_WHAT TO DO_
Go through the listing below and write out exactly the lines from the one that mentions "Schwarz Gebraucht 2024" through the one that mentions "空の様子から天気を予想する「観天望気」。信頼度の高いものとは", minus the pictures.

_SUPPLIED DATA_

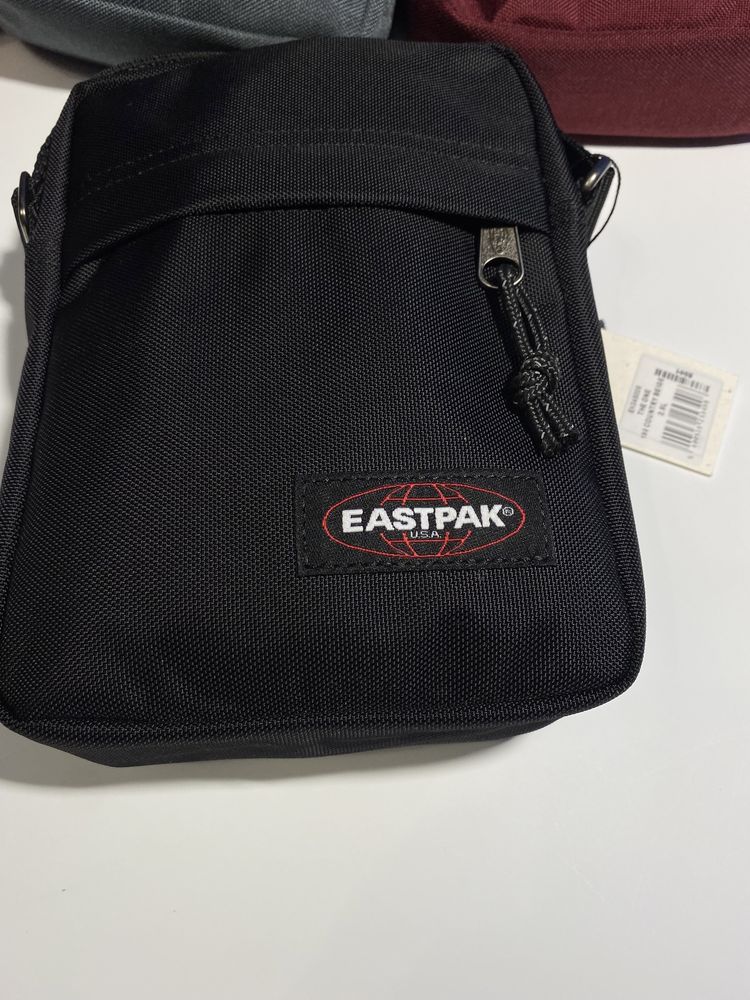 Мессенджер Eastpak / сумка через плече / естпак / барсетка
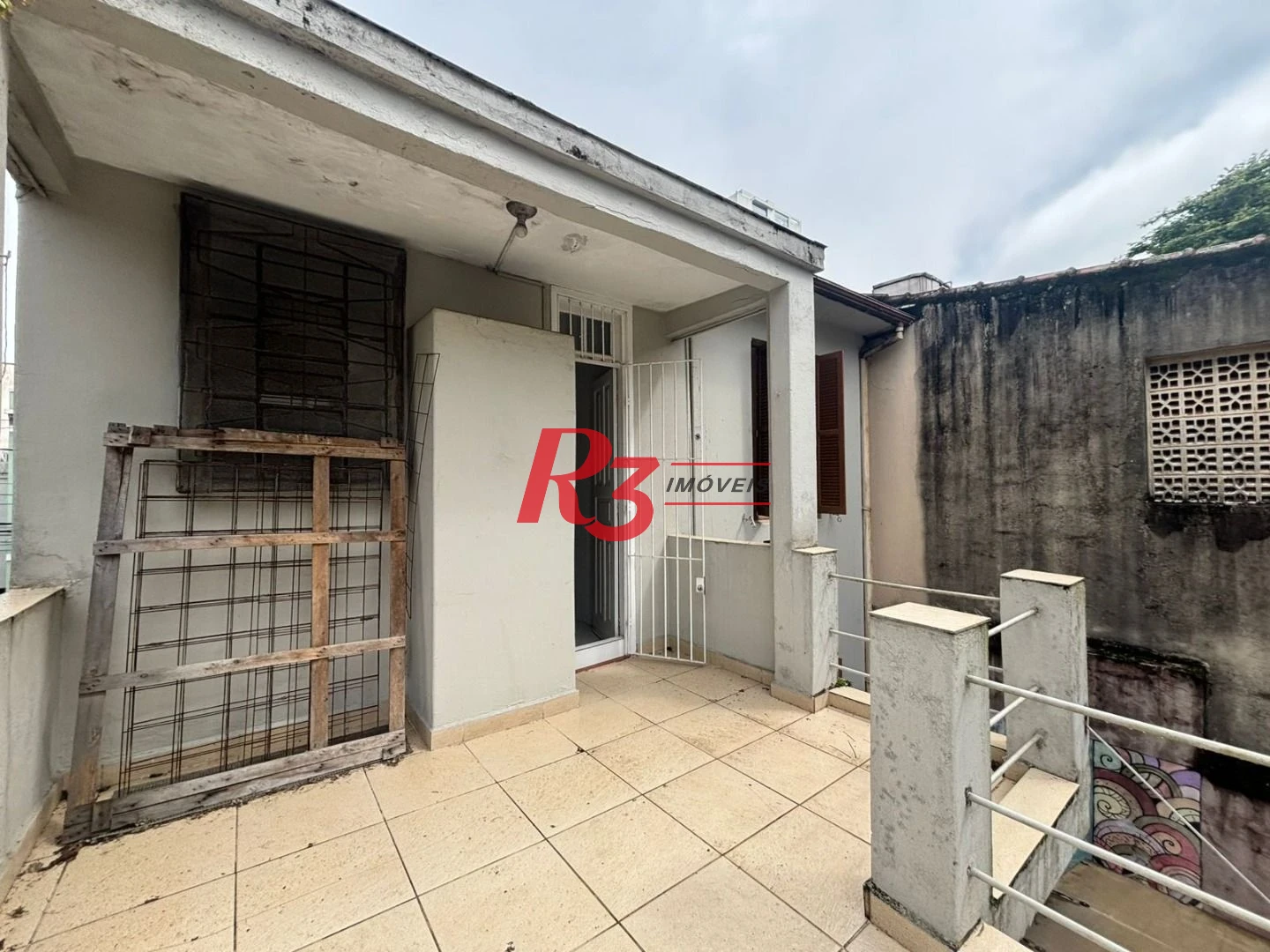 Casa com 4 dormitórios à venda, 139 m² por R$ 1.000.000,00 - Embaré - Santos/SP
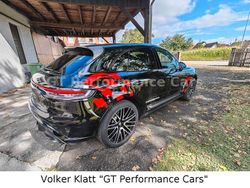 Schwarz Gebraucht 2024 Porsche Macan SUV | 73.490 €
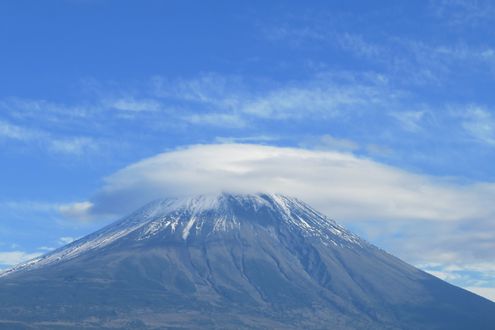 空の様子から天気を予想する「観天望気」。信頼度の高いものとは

---

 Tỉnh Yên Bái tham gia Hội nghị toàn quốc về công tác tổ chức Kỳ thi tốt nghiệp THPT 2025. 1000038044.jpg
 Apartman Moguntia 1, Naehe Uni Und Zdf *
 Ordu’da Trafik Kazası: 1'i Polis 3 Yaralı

_RESPONSE TO THIS EXERCISE_
 Schwarz Gebraucht 2024 Porsche Macan SUV | 73.490 €
 空の様子から天気を予想する「観天望気」。信頼度の高いものとは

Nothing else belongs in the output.